Antes que nada se debe reconocer que San José de Mayo es de las ciudades que tiene una marcada identidad sonora. Esa lista es encabezada con orgullo y señorío por las campanadas de la Catedral. Cada cuarto de hora aquella sonoridad recorría todos los rincones de la ciudad. Ni qué hablar cuando en alguna festividad religiosa, los domingos –a veces demasiado temprano- enloquecidas campanadas nos despertaban. Uno creció y se acostumbró a ellas. Hoy, para los que estamos lejos, se las extraña.

“Tiene un silbido amargo/como un cuchillo largo/corta la niebla” escribió Mercedes Rein y Jorge Lazaroff le puso música a El Afilador.

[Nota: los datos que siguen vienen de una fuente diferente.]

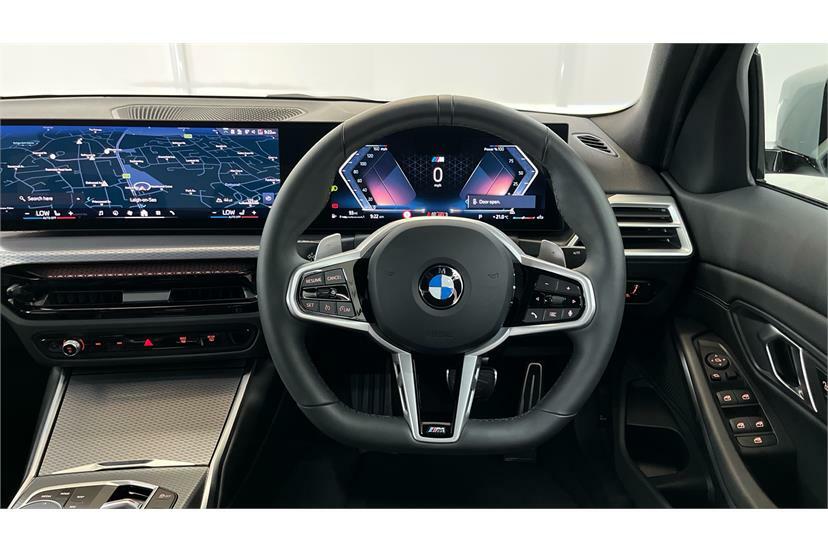 BMW 3 Series 320I M Sport Step EO26OLH Grey #5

También la ciudad fue testigo del sonido agonizante de la armónica de aquel hombre de gorra, bigote finito, barba siempre desprolija, que venía en bicicleta. Los niños que jugábamos en la calle lo mirábamos extrañados porque parecía que el sonido le salía de soplarse los dedos. El afilador, que siempre aparecía los sábados de mañana, se anunciaba con su agudo silbido. Hay menos silbidos, hay menos afiladores.

En las tardes hirvientes de verano, cuando el necesario sueño de la siesta se adueñaba de todo el barrio, todavía resuena en el recuerdo el heladero, o dos, o tres que como se acercaban se alejaban, informando permanentemente de su paso cansado y cargando el frío mensaje de su mercadería.

Hay una costumbre que se ve en las películas pero que nunca escuché, ni en San José ni en ningún otro lugar: la de los vendedores de diarios voceando los titulares de las primeras planas. Pero sí, los canillas anunciando su presencia. No sé si sigue bicicleteando, pero Don Herrera –creo que ese era su apellido-, el diariero, pregonaba todos los domingos con su peculiar “...diario....diario....diariero....diarioooooo....” y paraba en cada puerta, en cada zaguán, que franqueaba para entregar el ejemplar. Siempre era recibido como uno más, con familiaridad, con afecto. Su santo y seña era suficiente.

En los tiempos modernos tienen una mención especial “la columna polidireccional” y los carritos altoparlantes. Estos últimos siempre inoportunos, con ofertas de ocasión o anunciando, en forma demasiado ruidosa, estruendosos bailes. La “columna” –uno de los escasos ejemplos en el país, que en Argentina se llaman “propaladoras”- fiel compañera en la Plaza Treinta y tres, que los transeúntes no atienden y los vecinos padecen. Pero que cuando el silencio manda, se evoca con nostalgia.

Y ya que hubo una mención a los bailes, los sábados a la noche –madrugada del domingo- siempre fue muy difícil de sobrellevar la estridencia de los parlantes del “Club Treinta y tres” en la vieja Yaguarón para quienes vivíamos frente a la Plaza 4 de octubre. Y si el viento estaba para este lado, escuchábamos fielmente los sonidos que provenían del Club Centenario.

Hoy, que uno está lejos de ellos, siente cierta añoranza de esas creaciones urbanas. Quehaceres de una ciudad que siempre se lleva en el corazón y en la memoria auditiva.